Grow a deep tree, then collapse subtrees that don't justify their complexity. Largerα ⇒ smaller tree. Choose α via cross-validation (ccp_alpha in sklearn).

from sklearn.tree import DecisionTreeClassifier

clf = DecisionTreeClassifier(random_state=0)
path = clf.cost_complexity_pruning_path(X_train, y_train)
# path.ccp_alphas, path.impurities — sweep alphas, pick best by CV

Python Implementation

from sklearn.tree import DecisionTreeClassifier, plot_tree, export_text
from sklearn.datasets import load_iris
from sklearn.model_selection import train_test_split
import matplotlib.pyplot as plt

X, y = load_iris(return_X_y=True)
X_tr, X_te, y_tr, y_te = train_test_split(X, y, test_size=0.2, random_state=42)

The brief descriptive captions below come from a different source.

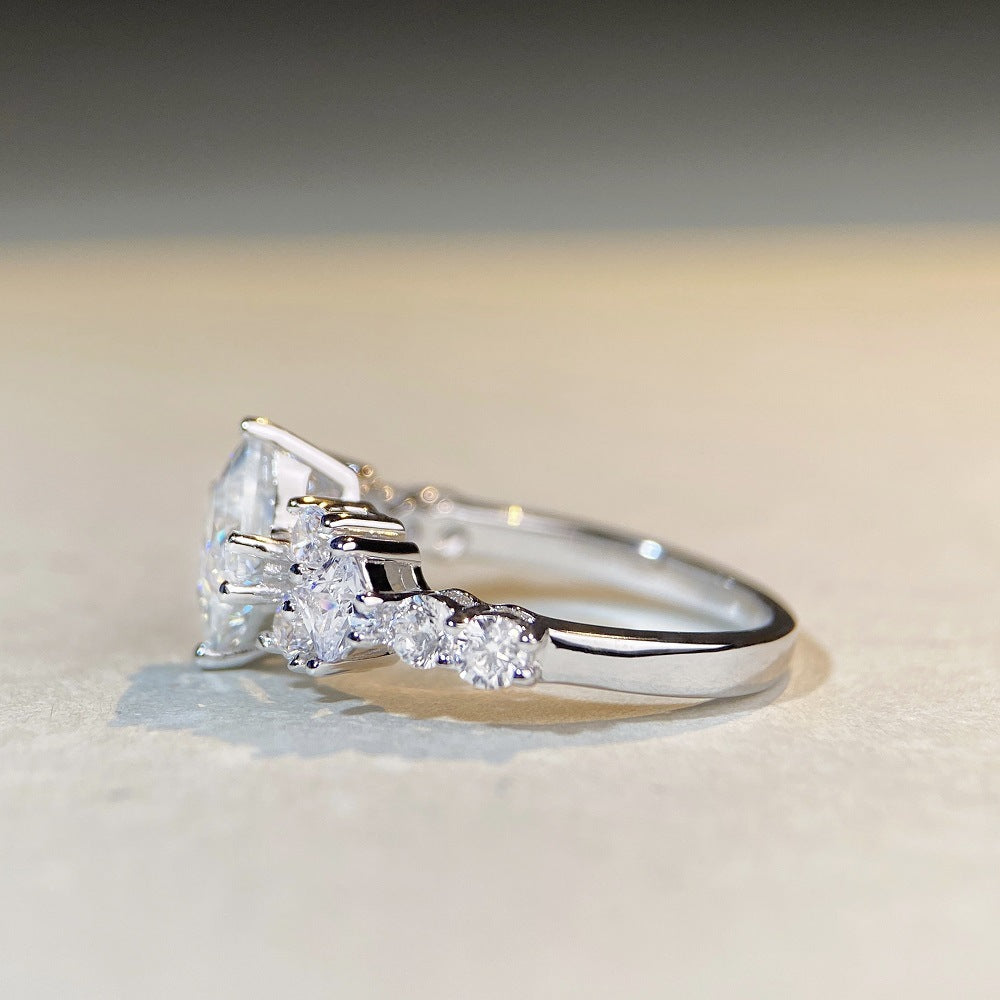 1.2 Carat Princess Cut Moissanite Ring with Multi-Stone S925 Silver Band
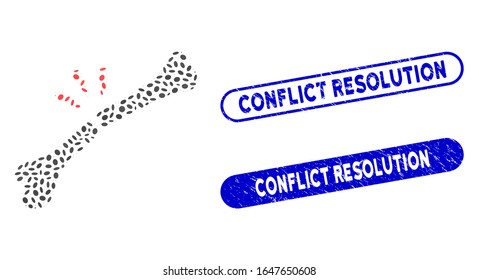 Rompimiento óseo mosaico y marcas de agua de sellos con angustia con texto de resolución de conflictos. La rotura ósea del vector mosaico se forma con elementos de elipse aleatorizados. Los sellos de sellos de resolución de conflictos utilizan color azul,
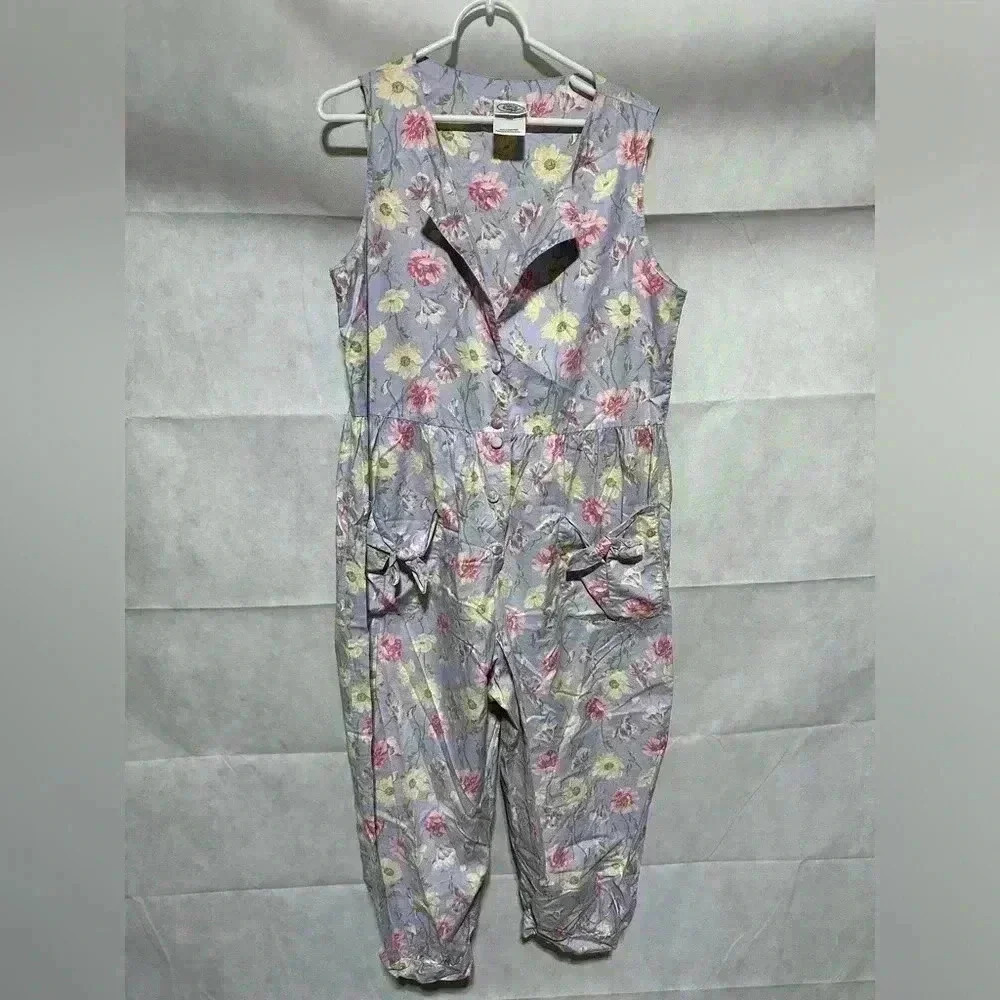 Vintage Laura Ashley Floral Jumpsuit Purple Sleeveless Sz L Great Britain Pocket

tree = DecisionTreeClassifier(
    criterion="gini",
    max_depth=3,
    min_samples_leaf=5,
    ccp_alpha=0.01,
    random_state=42,
)
tree.fit(X_tr, y_tr)
print("Train:", tree.score(X_tr, y_tr), "Test:", tree.score(X_te, y_te))

# Human-readable rules
print(export_text(tree, feature_names=load_iris().feature_names))

# Visualize
plt.figure(figsize=(12, 6))
plot_tree(tree, filled=True, feature_names=load_iris().feature_names)
plt.show()

Regression Tree Example

from sklearn.tree import DecisionTreeRegressor
import numpy as np

rng = np.random.RandomState(0)
X = np.sort(5 * rng.rand(80, 1), axis=0)
y = np.sin(X).ravel() + 0.1 * rng.randn(80)

reg = DecisionTreeRegressor(max_depth=4).fit(X, y)
# Predictions are piecewise-constant: each leaf outputs the mean y of its samples

Feature Importance

sklearn computes Mean Decrease in Impurity (MDI): for each feature, sum the impurity reduction over all nodes that split on it, weighted by samples reaching the node. Beware: MDI is biased toward high-cardinality features. Prefer permutation importance for honest rankings.

from sklearn.inspection import permutation_importance
r = permutation_importance(tree, X_te, y_te, n_repeats=20, random_state=0)
for i in r.importances_mean.argsort()[::-1]:
    print(f"{load_iris().feature_names[i]:25s} {r.importances_mean[i]:.3f}")

Handling Categorical Features & Missing Values

Sklearn's tree only does numeric, binary splits — encode categoricals as integers (ordinal) for tree-based models; one-hot is unnecessary and often harmful (deep, narrow splits).
For missing values, sklearn ≥ 1.3 supports missing values natively in HistGradientBoosting and trees by routing NaN samples to the side that minimizes impurity.
C4.5-style surrogate splits are not in sklearn but exist in R's rpart.

Strengths & Weaknesses

Strengths

Easy to interpret and visualize — you can literally read the rules.
No feature scaling required; handles non-linear interactions natively.
Robust to outliers in features (splits care only about ordering).
Fast inference: O(depth) per prediction.

Weaknesses

High variance — small data changes can produce very different trees.
Axis-aligned splits struggle with diagonal decision boundaries.
Greedy training can miss globally better trees.
Predictions are piecewise-constant — regression trees can't extrapolate beyond training range.
Biased toward features with many possible split points.

From Single Tree to Ensembles

Bagging / Random Forest — average many trees on bootstrapped samples with random feature subsets to cut variance.
Boosting (GBM, XGBoost, LightGBM, CatBoost) — sequentially fit shallow trees on residuals to cut bias.
Extra Trees — randomize split thresholds for even more variance reduction.

Practical defaults

Start with max_depth=4–8, min_samples_leaf=10–50, and tune ccp_alpha by CV. If accuracy matters more than interpretability, skip straight to a Random Forest or gradient-boosted trees.